12 Responses to Only joking!

  1. Juliette says:

    P.s.: I just noticed – after posting the previous comment, it still says “No responses” at the top of the comments section for this topic as well as on the homepage…. Is it meant to be like that ? or are you trying to tell me something ? ;-)

  2. Bob says:

    I know that there are several Yiddish speakers who frequent this blog. My understanding with Yiddish jokes is that you almost have to be a part of the culture to understand them. They reflect they some resignation, other times ingenuity of the culture against unsurmountable circumstances. I don’t speak Yiddish, any thoughts from those who do?

    ———————
    The rabbi says, “What’s green, hangs on the wall, and whistles?”

    The student says, “I don’t know.”

    The rabbi says, “A herring.”

    The student says, “Maybe a herring could be green and hang on the wall, but it absolutely doesn’t whistle.”

    The rabbi says, “So it doesn’t whistle.”

  3. Jeksi says:

    Since I’m learning French, I could imagine that there would be a lot of jokes (with all its words that sound the same, like in Mandarin), but I don’t know of any right now.

  4. Simon says:

    Juliette – I’m not sure why the comments are behaving like that.
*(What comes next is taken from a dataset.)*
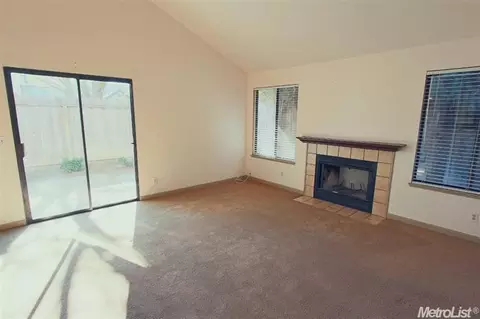 2336 Quail Run Ct, Modesto, CA 95355 photo 10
It’s something to do with the settings.

  5. Jeksi: If you’re looking for puns in French, you could do worse than read the Astérix books in the original.

  6. Declan says:

    “Gréasán Idirlín” is website in Irish, not “Suíomh idirlín” (previous entry).

    I liked those jokes and that site.

  7. Laci the Hun says:

    I know a site in Arabic http://www.123arab.com/nokat/top
    nice jokes but you have to be familiar with some dialect differences

  8. Juliette says:

    Simon – it’s weird – I checked back here to see what other replies you’ve had and I see now that my first comment is gone completely….

    Hmm.. oh well…

    Here is the link I posted again: http://moppen.startpagina.nl/
    It’s a link page with links to Dutch joke sites – I haven’t fetted the linked sites, so it will probably be a mix of the good, the bad and the downright crap ;-)

  9. Mike says:

    Here’s a Québécois site I read sometimes.
    http://www.humourqc.com/

  10. renato says:

    Today I met a page named http://desciplo.pedia.ws
    is a parodical page about the famous Wikipedia. I it intersting, I read that in Portuguese, but they say you can read it in English. As Simon kwnos Portuguese, a good site is www. charges.com.br it is Brazilian page of jokes with videos very funny.

  11. Santinasi says:

    Software Development Cycle

    1. Programmer produces code he believes is bug-free.
    2. Product is tested. 20 bugs are found.
    3. Programmer fixes 10 of the bugs and explains to the testing department that the other 10 aren’t really bugs.
    4. Testing department finds that five of the fixes didn’t work and discovers 15 new bugs.
    5. Repeat three times steps 3 and 4.
    6. Due to marketing pressure and an extremely premature product announcement based on overly-optimistic programming schedule, the product is released.
    7. Users find 137 new bugs.
    8. Original programmer, having cashed his royalty check, is nowhere to be found.
    9. Newly-assembled programming team fixes almost all of the 137 bugs, but introduce 456 new ones.
    10. Original programmer sends underpaid testing department a postcard from Fiji. Entire testing department quits.
    11. Company is bought in a hostile takeover by competitor using profits from their latest release, which had 783 bugs.
    12. New CEO is brought in by board of directors. He hires a programmer to redo program from scratch.
    13. Programmer produces code he believes is bug-free…
    —--——–
    A grade school teacher was asking his pupils what their parents did for a living. “Tim, you be first. What does your mother do all day?”
    Tim stood up and proudly said, “She’s a doctor.”
    “That’s wonderful. How about you, Amy?”
    Amy shyly stood up, scuffed her feet and said, “My father is a mailman.”
    “Thank you, Amy” said the teacher. “What does your parent do, Billy?”
    Billy proudly stood up and announced, “My daddy plays piano in a whorehouse.”

    The teacher was aghast and went to Billy’s house and rang the bell. Billy’s father answered the door. The teacher explained what his son had said and demanded an explanation. Billy’s dad said, “I’m actually a system programmer specializing in TCP/IP communication protocol on UNIX systems. How can I explain a thing like that to a seven-year-old?”